- Supplied material -

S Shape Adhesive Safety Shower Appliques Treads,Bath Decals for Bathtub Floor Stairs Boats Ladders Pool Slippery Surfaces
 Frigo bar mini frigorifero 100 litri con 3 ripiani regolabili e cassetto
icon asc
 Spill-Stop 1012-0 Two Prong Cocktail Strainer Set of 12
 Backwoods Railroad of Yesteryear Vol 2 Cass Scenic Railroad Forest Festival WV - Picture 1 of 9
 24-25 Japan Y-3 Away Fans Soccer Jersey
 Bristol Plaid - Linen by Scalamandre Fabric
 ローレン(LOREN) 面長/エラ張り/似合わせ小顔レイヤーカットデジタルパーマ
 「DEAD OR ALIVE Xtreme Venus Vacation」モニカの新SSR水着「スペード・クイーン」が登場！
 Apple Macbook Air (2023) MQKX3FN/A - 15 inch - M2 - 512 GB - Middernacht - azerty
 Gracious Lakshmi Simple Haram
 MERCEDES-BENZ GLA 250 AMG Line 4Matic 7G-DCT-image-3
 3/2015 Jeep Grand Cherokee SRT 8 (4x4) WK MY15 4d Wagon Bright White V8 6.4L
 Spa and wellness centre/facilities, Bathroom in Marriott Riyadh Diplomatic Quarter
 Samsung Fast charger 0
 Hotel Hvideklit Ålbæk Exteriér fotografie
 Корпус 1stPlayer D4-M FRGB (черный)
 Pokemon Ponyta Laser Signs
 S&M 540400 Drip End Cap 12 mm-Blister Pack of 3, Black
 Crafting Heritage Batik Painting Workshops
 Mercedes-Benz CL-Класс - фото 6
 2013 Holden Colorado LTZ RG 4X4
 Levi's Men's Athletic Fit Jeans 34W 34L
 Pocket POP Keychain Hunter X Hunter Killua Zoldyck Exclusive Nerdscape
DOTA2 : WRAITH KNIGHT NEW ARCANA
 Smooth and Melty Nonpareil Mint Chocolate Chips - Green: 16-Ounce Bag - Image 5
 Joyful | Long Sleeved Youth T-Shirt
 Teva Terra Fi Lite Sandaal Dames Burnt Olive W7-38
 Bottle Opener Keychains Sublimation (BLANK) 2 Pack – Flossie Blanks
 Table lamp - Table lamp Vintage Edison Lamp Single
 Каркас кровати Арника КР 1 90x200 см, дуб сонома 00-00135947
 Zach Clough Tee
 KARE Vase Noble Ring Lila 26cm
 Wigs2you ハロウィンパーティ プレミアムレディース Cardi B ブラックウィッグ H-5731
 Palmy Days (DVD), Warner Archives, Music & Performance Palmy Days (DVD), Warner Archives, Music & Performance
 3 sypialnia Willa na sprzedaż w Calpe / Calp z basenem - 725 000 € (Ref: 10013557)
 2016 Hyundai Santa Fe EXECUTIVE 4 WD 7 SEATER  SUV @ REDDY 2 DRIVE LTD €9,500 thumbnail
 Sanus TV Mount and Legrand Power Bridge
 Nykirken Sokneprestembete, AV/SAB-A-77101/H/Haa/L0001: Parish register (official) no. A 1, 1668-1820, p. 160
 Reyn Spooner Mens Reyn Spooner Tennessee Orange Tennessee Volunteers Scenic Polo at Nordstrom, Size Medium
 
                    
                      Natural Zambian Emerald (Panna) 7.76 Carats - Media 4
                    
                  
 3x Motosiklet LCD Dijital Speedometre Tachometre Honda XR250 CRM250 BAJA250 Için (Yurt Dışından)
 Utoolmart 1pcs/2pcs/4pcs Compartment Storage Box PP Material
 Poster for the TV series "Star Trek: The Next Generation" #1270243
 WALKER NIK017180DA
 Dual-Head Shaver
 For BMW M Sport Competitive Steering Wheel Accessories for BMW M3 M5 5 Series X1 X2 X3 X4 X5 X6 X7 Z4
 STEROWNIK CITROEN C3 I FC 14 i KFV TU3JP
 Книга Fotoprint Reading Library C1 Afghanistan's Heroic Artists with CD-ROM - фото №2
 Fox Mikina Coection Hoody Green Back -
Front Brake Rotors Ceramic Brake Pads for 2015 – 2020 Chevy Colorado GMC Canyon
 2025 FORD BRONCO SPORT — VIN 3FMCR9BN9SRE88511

- Exercise -
Retype all the data exactly, line for line.

- Result for this task -
S Shape Adhesive Safety Shower Appliques Treads,Bath Decals for Bathtub Floor Stairs Boats Ladders Pool Slippery Surfaces
 Frigo bar mini frigorifero 100 litri con 3 ripiani regolabili e cassetto
icon asc
 Spill-Stop 1012-0 Two Prong Cocktail Strainer Set of 12
 Backwoods Railroad of Yesteryear Vol 2 Cass Scenic Railroad Forest Festival WV - Picture 1 of 9
 24-25 Japan Y-3 Away Fans Soccer Jersey
 Bristol Plaid - Linen by Scalamandre Fabric
 ローレン(LOREN) 面長/エラ張り/似合わせ小顔レイヤーカットデジタルパーマ
 「DEAD OR ALIVE Xtreme Venus Vacation」モニカの新SSR水着「スペード・クイーン」が登場！
 Apple Macbook Air (2023) MQKX3FN/A - 15 inch - M2 - 512 GB - Middernacht - azerty
 Gracious Lakshmi Simple Haram
 MERCEDES-BENZ GLA 250 AMG Line 4Matic 7G-DCT-image-3
 3/2015 Jeep Grand Cherokee SRT 8 (4x4) WK MY15 4d Wagon Bright White V8 6.4L
 Spa and wellness centre/facilities, Bathroom in Marriott Riyadh Diplomatic Quarter
 Samsung Fast charger 0
 Hotel Hvideklit Ålbæk Exteriér fotografie
 Корпус 1stPlayer D4-M FRGB (черный)
 Pokemon Ponyta Laser Signs
 S&M 540400 Drip End Cap 12 mm-Blister Pack of 3, Black
 Crafting Heritage Batik Painting Workshops
 Mercedes-Benz CL-Класс - фото 6
 2013 Holden Colorado LTZ RG 4X4
 Levi's Men's Athletic Fit Jeans 34W 34L
 Pocket POP Keychain Hunter X Hunter Killua Zoldyck Exclusive Nerdscape
DOTA2 : WRAITH KNIGHT NEW ARCANA
 Smooth and Melty Nonpareil Mint Chocolate Chips - Green: 16-Ounce Bag - Image 5
 Joyful | Long Sleeved Youth T-Shirt
 Teva Terra Fi Lite Sandaal Dames Burnt Olive W7-38
 Bottle Opener Keychains Sublimation (BLANK) 2 Pack – Flossie Blanks
 Table lamp - Table lamp Vintage Edison Lamp Single
 Каркас кровати Арника КР 1 90x200 см, дуб сонома 00-00135947
 Zach Clough Tee
 KARE Vase Noble Ring Lila 26cm
 Wigs2you ハロウィンパーティ プレミアムレディース Cardi B ブラックウィッグ H-5731
 Palmy Days (DVD), Warner Archives, Music & Performance Palmy Days (DVD), Warner Archives, Music & Performance
 3 sypialnia Willa na sprzedaż w Calpe / Calp z basenem - 725 000 € (Ref: 10013557)
 2016 Hyundai Santa Fe EXECUTIVE 4 WD 7 SEATER  SUV @ REDDY 2 DRIVE LTD €9,500 thumbnail
 Sanus TV Mount and Legrand Power Bridge
 Nykirken Sokneprestembete, AV/SAB-A-77101/H/Haa/L0001: Parish register (official) no. A 1, 1668-1820, p. 160
 Reyn Spooner Mens Reyn Spooner Tennessee Orange Tennessee Volunteers Scenic Polo at Nordstrom, Size Medium
 
                    
                      Natural Zambian Emerald (Panna) 7.76 Carats - Media 4
                    
                  
 3x Motosiklet LCD Dijital Speedometre Tachometre Honda XR250 CRM250 BAJA250 Için (Yurt Dışından)
 Utoolmart 1pcs/2pcs/4pcs Compartment Storage Box PP Material
 Poster for the TV series "Star Trek: The Next Generation" #1270243
 WALKER NIK017180DA
 Dual-Head Shaver
 For BMW M Sport Competitive Steering Wheel Accessories for BMW M3 M5 5 Series X1 X2 X3 X4 X5 X6 X7 Z4
 STEROWNIK CITROEN C3 I FC 14 i KFV TU3JP
 Книга Fotoprint Reading Library C1 Afghanistan's Heroic Artists with CD-ROM - фото №2
 Fox Mikina Coection Hoody Green Back -
Front Brake Rotors Ceramic Brake Pads for 2015 – 2020 Chevy Colorado GMC Canyon
 2025 FORD BRONCO SPORT — VIN 3FMCR9BN9SRE88511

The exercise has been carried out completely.